Mobile no longer so cool for Instagram
In Instagram’s early days, it used to say something very cheesy like “Sharing your mobile photos with the world” on the single web page that it used to have on the internet. Instagram’s big thing was that it was mobile. Mobile was cool. But then, without great fanfare, it dropped the “mobile” bit on its strapline, signalling that, hey, we’re cool about you wowing followers with 300mm zoom shots with a Canon 5D. Big cameras, aswell as mobiles, were cool. But if you wanted to post big-camera photos to Instagram, you had to transfer them to your mobile first, which was a bit of a faff.

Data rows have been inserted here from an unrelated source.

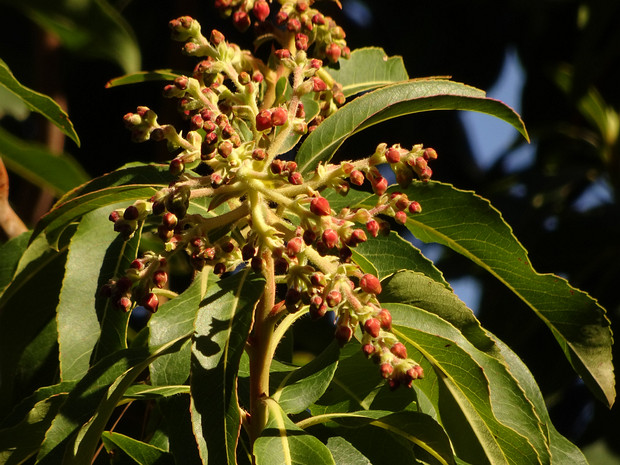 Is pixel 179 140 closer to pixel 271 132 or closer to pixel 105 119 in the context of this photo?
pixel 271 132

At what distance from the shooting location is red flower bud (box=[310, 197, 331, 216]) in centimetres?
112

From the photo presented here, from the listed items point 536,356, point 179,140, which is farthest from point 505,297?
point 179,140

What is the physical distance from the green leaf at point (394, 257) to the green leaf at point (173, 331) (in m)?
0.34

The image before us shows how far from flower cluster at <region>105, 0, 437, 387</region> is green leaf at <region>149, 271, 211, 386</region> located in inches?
2.4

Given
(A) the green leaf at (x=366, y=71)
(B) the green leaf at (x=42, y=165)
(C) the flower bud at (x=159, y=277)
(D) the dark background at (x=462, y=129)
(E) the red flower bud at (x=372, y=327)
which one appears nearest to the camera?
(E) the red flower bud at (x=372, y=327)

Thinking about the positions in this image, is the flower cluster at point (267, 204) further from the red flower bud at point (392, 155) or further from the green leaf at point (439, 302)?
the green leaf at point (439, 302)

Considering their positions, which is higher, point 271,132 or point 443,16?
point 443,16

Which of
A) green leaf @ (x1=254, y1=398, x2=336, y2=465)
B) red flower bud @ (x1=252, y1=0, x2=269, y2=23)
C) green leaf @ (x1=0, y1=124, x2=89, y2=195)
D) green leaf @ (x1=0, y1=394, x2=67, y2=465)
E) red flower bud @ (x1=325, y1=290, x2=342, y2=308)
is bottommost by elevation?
green leaf @ (x1=0, y1=394, x2=67, y2=465)

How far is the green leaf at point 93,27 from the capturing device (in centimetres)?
212

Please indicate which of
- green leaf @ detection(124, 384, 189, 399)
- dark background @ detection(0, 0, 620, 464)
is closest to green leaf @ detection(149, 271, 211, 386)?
green leaf @ detection(124, 384, 189, 399)

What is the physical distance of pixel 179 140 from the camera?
1.26 meters

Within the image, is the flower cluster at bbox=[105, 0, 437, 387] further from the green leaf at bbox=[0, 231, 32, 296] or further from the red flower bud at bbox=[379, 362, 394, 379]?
the green leaf at bbox=[0, 231, 32, 296]

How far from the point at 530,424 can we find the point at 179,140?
2.38 feet

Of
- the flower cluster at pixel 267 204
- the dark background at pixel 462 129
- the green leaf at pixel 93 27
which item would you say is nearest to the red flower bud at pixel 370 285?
the flower cluster at pixel 267 204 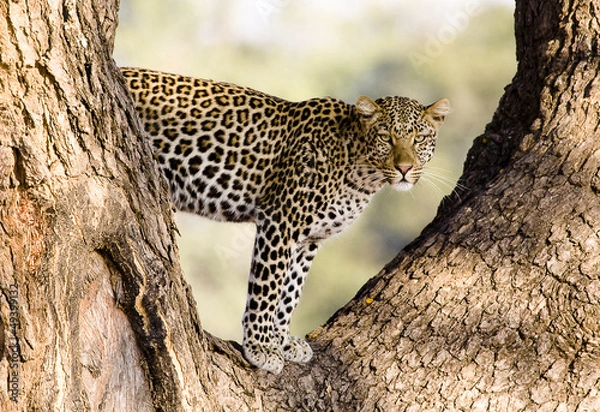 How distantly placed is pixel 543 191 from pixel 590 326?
93 centimetres

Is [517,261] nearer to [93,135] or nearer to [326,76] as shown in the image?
[93,135]

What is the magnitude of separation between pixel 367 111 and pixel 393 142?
0.30 m

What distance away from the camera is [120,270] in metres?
4.50

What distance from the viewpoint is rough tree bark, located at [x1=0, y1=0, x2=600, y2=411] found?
409cm

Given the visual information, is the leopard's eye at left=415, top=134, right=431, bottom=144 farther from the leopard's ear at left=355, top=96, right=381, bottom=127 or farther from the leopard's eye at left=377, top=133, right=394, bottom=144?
the leopard's ear at left=355, top=96, right=381, bottom=127

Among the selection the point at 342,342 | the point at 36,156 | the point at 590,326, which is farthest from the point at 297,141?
the point at 36,156

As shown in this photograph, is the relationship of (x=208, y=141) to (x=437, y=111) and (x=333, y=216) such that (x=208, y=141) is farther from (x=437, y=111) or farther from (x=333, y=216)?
(x=437, y=111)

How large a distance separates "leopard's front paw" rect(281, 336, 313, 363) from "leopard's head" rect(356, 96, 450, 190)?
1.46 metres

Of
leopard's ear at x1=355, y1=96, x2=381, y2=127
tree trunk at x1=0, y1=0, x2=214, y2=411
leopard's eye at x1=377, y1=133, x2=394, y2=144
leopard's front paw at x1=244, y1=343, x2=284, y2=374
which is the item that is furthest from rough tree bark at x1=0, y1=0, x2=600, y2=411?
leopard's ear at x1=355, y1=96, x2=381, y2=127

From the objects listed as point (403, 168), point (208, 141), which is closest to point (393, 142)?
point (403, 168)

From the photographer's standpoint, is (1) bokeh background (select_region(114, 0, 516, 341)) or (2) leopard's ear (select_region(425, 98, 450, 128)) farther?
(1) bokeh background (select_region(114, 0, 516, 341))

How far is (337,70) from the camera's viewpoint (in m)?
33.5

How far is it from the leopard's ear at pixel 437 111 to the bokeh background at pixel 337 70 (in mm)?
14484

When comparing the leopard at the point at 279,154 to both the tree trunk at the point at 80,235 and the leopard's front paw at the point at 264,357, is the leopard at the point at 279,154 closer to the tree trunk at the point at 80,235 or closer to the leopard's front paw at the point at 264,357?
the leopard's front paw at the point at 264,357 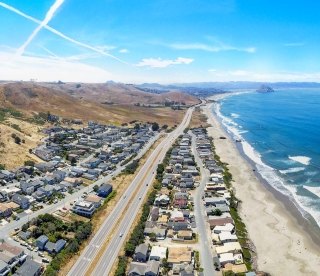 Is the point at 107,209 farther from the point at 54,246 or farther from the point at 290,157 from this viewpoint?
the point at 290,157

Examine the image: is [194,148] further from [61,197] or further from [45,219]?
[45,219]

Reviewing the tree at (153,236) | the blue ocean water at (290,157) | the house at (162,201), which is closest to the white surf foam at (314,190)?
the blue ocean water at (290,157)

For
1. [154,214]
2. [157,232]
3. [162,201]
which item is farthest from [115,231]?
[162,201]

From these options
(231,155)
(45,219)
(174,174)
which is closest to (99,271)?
(45,219)

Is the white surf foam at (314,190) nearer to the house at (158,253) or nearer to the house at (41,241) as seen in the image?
the house at (158,253)

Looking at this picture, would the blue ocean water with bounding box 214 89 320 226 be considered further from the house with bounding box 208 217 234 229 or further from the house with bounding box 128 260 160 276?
the house with bounding box 128 260 160 276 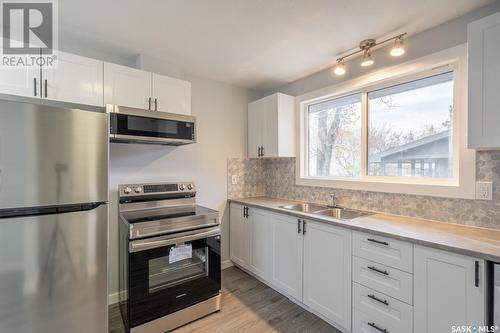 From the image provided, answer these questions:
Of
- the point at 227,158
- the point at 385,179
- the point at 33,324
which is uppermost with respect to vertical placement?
the point at 227,158

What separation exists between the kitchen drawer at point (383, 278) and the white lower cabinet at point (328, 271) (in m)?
0.08

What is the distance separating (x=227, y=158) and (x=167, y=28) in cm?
164

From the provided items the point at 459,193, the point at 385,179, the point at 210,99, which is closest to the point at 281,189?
the point at 385,179

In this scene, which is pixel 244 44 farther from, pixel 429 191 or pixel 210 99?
pixel 429 191

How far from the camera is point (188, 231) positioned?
1.99 m

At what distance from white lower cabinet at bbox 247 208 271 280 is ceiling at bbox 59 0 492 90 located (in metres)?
1.70

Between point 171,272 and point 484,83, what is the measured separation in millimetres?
2578

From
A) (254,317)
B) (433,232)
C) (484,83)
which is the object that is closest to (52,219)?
(254,317)

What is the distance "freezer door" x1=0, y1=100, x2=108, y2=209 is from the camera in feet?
4.31

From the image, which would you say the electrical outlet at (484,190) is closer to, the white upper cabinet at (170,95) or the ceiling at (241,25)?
the ceiling at (241,25)

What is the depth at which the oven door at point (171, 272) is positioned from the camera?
5.78 ft

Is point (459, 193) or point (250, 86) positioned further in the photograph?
point (250, 86)

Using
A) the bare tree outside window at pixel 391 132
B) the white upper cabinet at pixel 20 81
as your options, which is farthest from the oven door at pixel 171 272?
the bare tree outside window at pixel 391 132

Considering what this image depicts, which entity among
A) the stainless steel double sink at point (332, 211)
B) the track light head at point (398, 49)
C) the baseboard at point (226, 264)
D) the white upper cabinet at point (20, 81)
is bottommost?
the baseboard at point (226, 264) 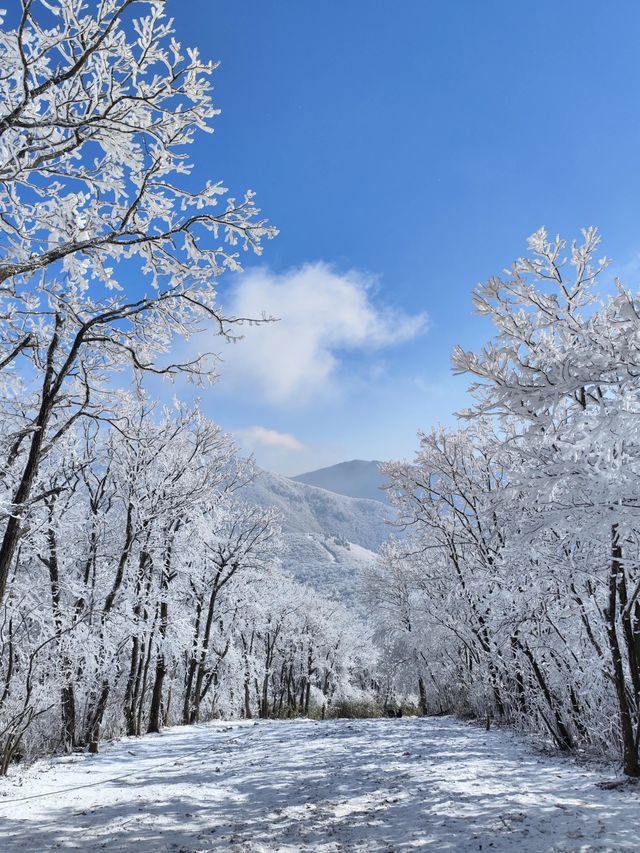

Then, as Instagram grew, businesses (Burberry is the classic example everyone gives) started using it as a way to advertise. It’s a great way to feed your customers pictures of new products, or of snazzy events you’re organising. Mobile was the new way to grab your customers’ eyeballs. They weren’t chained to their desks on the internet, they were out and about checking their Instagram feeds while break-dancing along the street. Some of those businesses amassed huge numbers of followers (thanks mainly to Instagram putting them on their suggested user list) and so more businesses took notice of Instagram. New apps, like Nitrogram and Simply Measured, sprang up to support the business of using Instagram to sell stuff. And so, following in the footsteps of Twitter, as Instagram became A big business, it became big business itself. These apps tell us there are optimal times for getting more likes and followers on Instagram. So a marketing junior at Burberry would get up in the middle of the night, upload a Canon 5D photo from the previous night’s launch party to their mobile and then, bleary-eyed, fiddle around with his iphone, copying and pasting in a pre-prepared caption that they’d emailed themselves, and then post it to Instagram to get the maximum number of likes in the Japanese market. Then go back to bed.
Until now. I’d googled it before without success, but I tried again: “Schedule Instagrams desk-top”. A link to a Facebook discussion and halfway down the page: “Try postso.com”. I did and it works. You can now schedule Instagram posts from your desk-top.
So we’ve come full circle. Mobile is no longer cool. Of course it isn’t. If you’re running an Instagram business, you don’t want to be tippy-tapping captions on a tiny screen, mobile photos aren’t that good a lot of the time and you don’t want to get up in the middle of the night for your Japanese market. Postso doesn’t seem to have been authorised by Instagram. It doesn’t have to access Instagram’s API because it emulates it (whatever that means). But Instagram most certainly knows about it and since it will most certainly boost its own business interests, we imagine it will turn a blind eye. That’s cool.
Posting for Burberry to get the Japanese market: not cool.